§ PROBLEM: A stretch of the entries below is to be set down exactly, running from the line with "5 Pairs Mid-tube" through the line with "Delyn Ruched Plunge", both included, and no other line.

RECORDS SUPPLIED Start Marker

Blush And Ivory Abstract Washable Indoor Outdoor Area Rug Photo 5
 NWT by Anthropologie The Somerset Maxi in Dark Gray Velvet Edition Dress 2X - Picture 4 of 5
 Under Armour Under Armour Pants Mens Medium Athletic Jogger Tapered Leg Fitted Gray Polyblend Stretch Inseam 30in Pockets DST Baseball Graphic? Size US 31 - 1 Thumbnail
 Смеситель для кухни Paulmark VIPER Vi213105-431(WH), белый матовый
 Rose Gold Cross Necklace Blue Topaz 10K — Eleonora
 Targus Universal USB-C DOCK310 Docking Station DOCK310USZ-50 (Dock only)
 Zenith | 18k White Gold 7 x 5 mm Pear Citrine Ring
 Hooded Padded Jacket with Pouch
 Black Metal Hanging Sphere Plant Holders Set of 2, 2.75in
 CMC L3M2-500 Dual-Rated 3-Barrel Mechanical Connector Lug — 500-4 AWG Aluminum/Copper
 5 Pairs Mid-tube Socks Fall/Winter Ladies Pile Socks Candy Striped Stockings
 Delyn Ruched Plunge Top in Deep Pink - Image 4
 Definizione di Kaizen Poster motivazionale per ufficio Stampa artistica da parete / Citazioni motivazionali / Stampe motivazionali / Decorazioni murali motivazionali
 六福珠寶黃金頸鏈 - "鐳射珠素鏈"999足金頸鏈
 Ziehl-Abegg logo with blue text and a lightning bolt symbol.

RECORDS SUPPLIED End Marker

§ ANSWER FOR THIS EXERCISE:
 5 Pairs Mid-tube Socks Fall/Winter Ladies Pile Socks Candy Striped Stockings
 Delyn Ruched Plunge Top in Deep Pink - Image 4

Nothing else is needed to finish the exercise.